In late 1997 Hamed made his heavily hyped U.S. debut. His ceremonious arrival on the British Airways Concorde was covered by multiple media outlets. There, he and former WBC title holder Kevin Kelley fought in a highly entertaining bout at New York's Madison Square Garden. Prior to the fight, Kelley told Hamed, "I'm gonna smoke your boots". This fight marks something of a watershed in Hamed's career, as he was forced, for the first time, to abandon his hands-down style of fighting throughout the entire course of the bout, given the calibre of Kelley. Nonetheless, despite suffering three knockdowns himself, Hamed put Kelley down for a third and final time to win by a fourth-round knockout. This was his first of many fights on HBO. A 2002 Channel 4 poll in the UK saw his victory against Kelley listed among the 100 Greatest Sporting Moments.

====Hamed vs. Vázquez, McCullough, Ingle====

In 1998, Hamed enjoyed victories over former three-time WBA title holder and then-lineal champion Wilfredo Vazquez (TKO 7), former WBC bantamweight title holder Wayne McCullough (W 12), and future IBF title holder Paul Ingle (TKO 11; no relation to Hamed's then-former trainer Brendan Ingle).

====Hamed vs. Soto====

In October 1999 at Joe Louis Arena, Detroit, Michigan, United States, Hamed defeated WBC featherweight champion Cesar Soto of Mexico over 12 rounds, adding the WBC title to his collection and unified the WBC & WBO titles. Hamed soon chose to relinquish his WBC title due to his commitment to being WBO champion.

Had Vazquez not been stripped by the WBA of his belt (the WBA did not want their featherweight title unified with the WBO), Hamed would have had the distinction of winning all four world titles in a division, something only Riddick Bowe had achieved by that point, at heavyweight.

====Hamed vs. Bungu====

In March 2000 at Olympia, Kensington, London, Hamed knocked out former long-reigning IBF super bantamweight title holder, Vuyani Bungu of South Africa. The fight was ended with a single straight left hand, in one of Hamed's most impressive performances and biggest victories.

====Hamed vs. Sanchez====

Hamed fought in August 2000 against Augie Sanchez at Foxwoods Resort, Mashantucket, Connecticut, United States. Sanchez is known for being the last American to defeat Floyd Mayweather as an amateur boxer.
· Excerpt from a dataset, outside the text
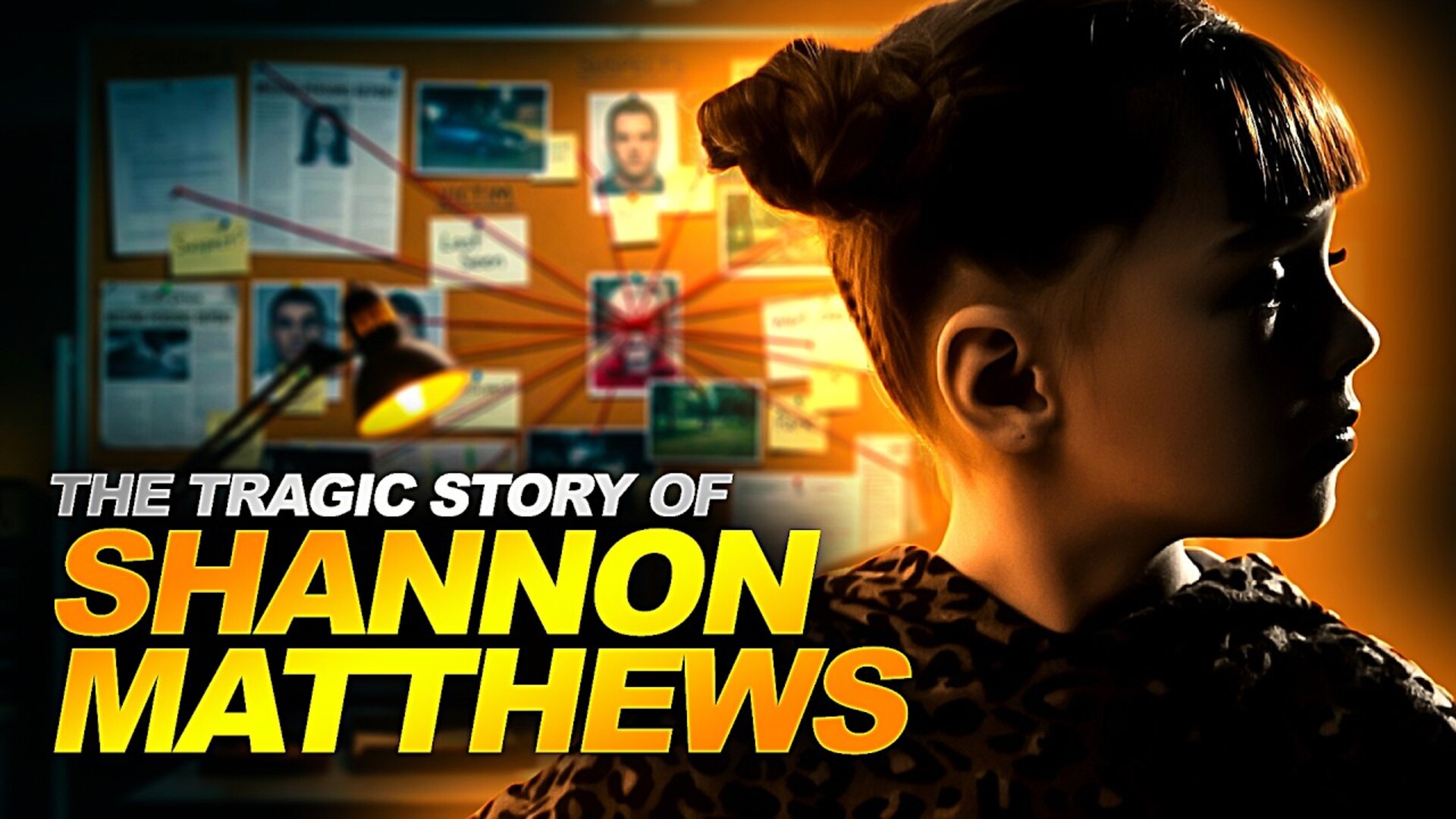 Video thumbnail for The Tragic Story Of 9-Year-Old Shannon Matthews' Abduction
Hamed successfully retained his WBO title for the fifteenth and final time against Sanchez via a devastating fourth-round knockout. Hamed broke his hand badly in the bout, and following surgery he spent half a year out of the gym, gaining 35 pounds in weight. Rather than face the unknown EBU Champion & WBO mandatory challenger István Kovács, Hamed relinquished his WBO title to pave the way for a Superfight with Marco Antonio Barrera.

====Hamed vs. Barrera====

It is true Hamed looked awful that night. His body, drained from losing two stones in eight weeks, amateurishly tossing around like a marionette – head flying one way, legs flopping the other – as Barrera worked him over. But to judge Hamed on that performance is like judging Laurence Olivier on Inchon. Remember he defended the WBO world title 15 times and also held the WBC and IBF belts. His record of 36–1, with 31 knockouts, stands with the very best.
— —Sean Ingle in The Guardian on Hamed's record

Eight weeks prior to the fight, which took place at the MGM Grand Garden Arena in Las Vegas on 7 April 2001, Marco Antonio Barrera prepared to fight. Barrera had moved up a weight division. At the end of training camp he was in the best shape of his life. According to Sky Sports, Barrera had "trained like a monk" in Big Bear, California, while Hamed trained in Bing Crosby's old house. Emanuel Steward had arrived to oversee the last two weeks of Hamed's training, including sparring, and was worried immediately. He had seen Barrera look razor sharp only a few months before in a stoppage win in Las Vegas, and watched Hamed not take his sparring with young Mexicans seriously. The fight was also for the International Boxing Organization World featherweight title.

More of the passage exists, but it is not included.